── DATA FOR ANALYSIS ──
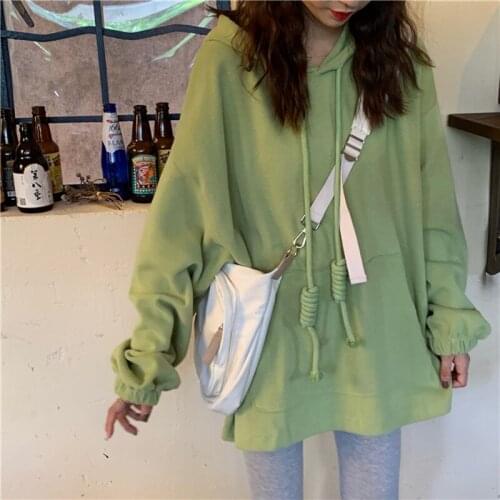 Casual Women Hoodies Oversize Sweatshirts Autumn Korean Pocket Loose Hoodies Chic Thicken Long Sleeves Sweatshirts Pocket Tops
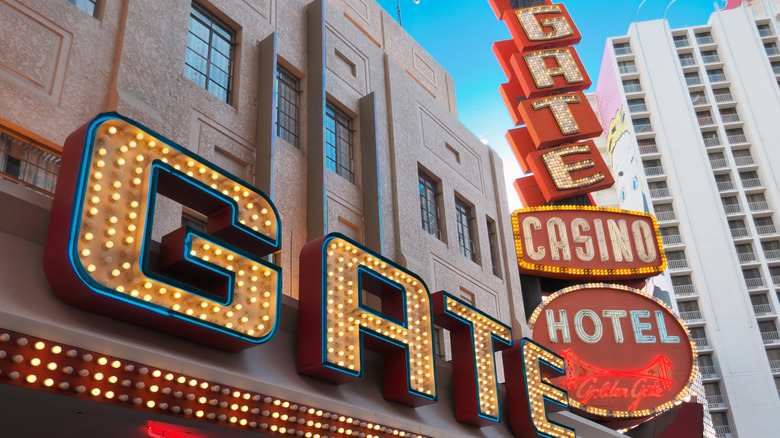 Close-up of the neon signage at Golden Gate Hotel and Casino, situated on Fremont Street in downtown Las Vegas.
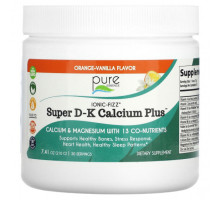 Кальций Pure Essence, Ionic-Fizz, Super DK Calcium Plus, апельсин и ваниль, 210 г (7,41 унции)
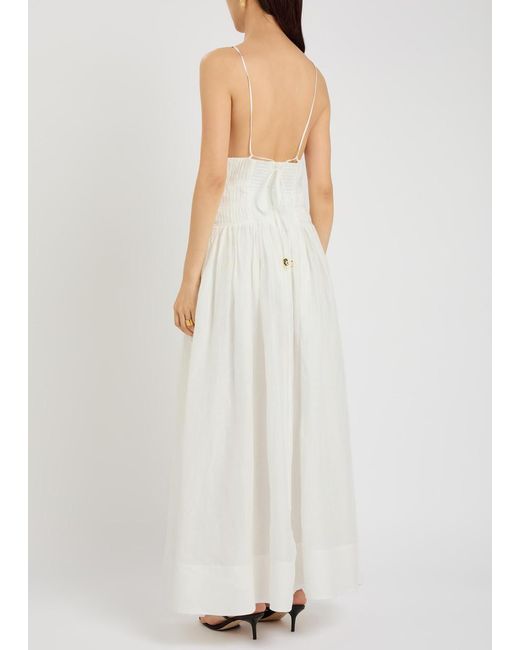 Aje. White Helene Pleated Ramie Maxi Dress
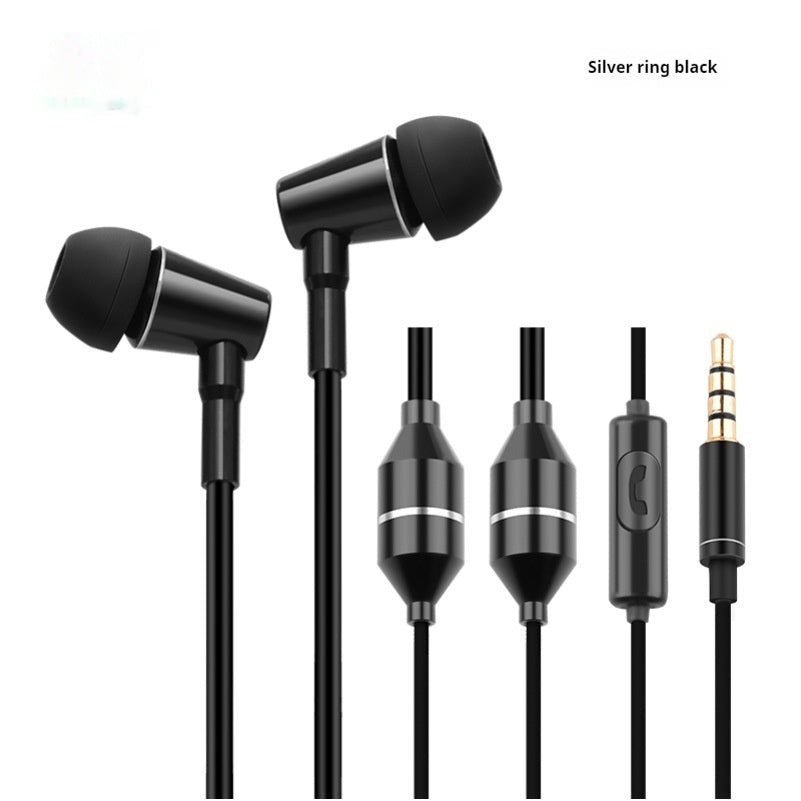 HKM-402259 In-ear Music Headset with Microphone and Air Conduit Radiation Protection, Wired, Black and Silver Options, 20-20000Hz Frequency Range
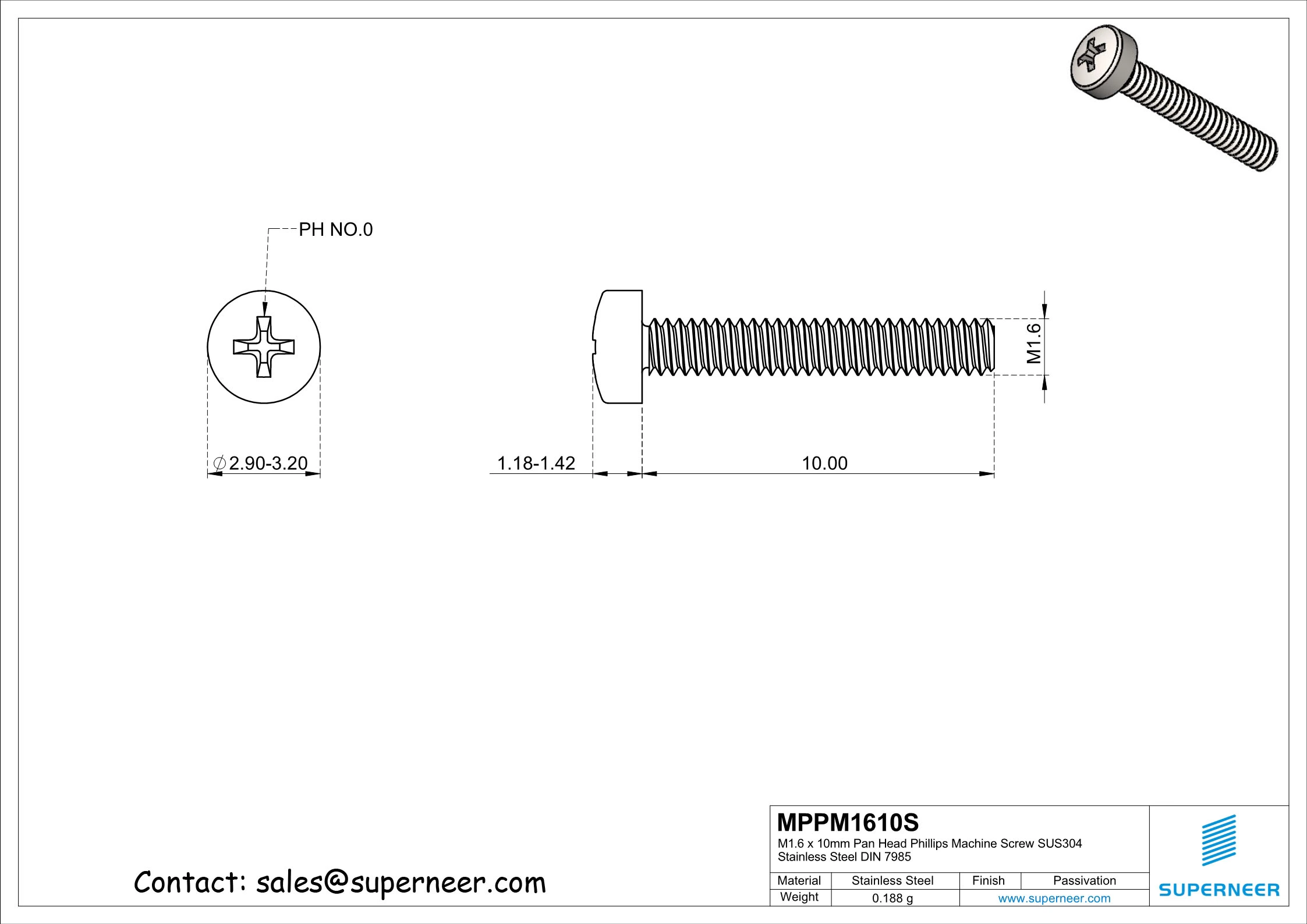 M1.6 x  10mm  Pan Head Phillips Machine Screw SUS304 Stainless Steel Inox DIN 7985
───
── DATA FOR ANALYSIS ──
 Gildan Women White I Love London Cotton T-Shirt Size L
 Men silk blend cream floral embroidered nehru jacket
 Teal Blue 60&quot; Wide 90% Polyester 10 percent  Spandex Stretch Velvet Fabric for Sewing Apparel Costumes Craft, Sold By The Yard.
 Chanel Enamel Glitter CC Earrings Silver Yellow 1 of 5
───
▸ **WHAT TO PRODUCE**
Everything above from the line containing "Casual Women Hoodies" through the line containing "Inox DIN 7985" must be repeated exactly, and the pictures must be left out.

▸ **RESPONSE**
 Casual Women Hoodies Oversize Sweatshirts Autumn Korean Pocket Loose Hoodies Chic Thicken Long Sleeves Sweatshirts Pocket Tops
 Close-up of the neon signage at Golden Gate Hotel and Casino, situated on Fremont Street in downtown Las Vegas.
 Кальций Pure Essence, Ionic-Fizz, Super DK Calcium Plus, апельсин и ваниль, 210 г (7,41 унции)
 Aje. White Helene Pleated Ramie Maxi Dress
 HKM-402259 In-ear Music Headset with Microphone and Air Conduit Radiation Protection, Wired, Black and Silver Options, 20-20000Hz Frequency Range
 M1.6 x  10mm  Pan Head Phillips Machine Screw SUS304 Stainless Steel Inox DIN 7985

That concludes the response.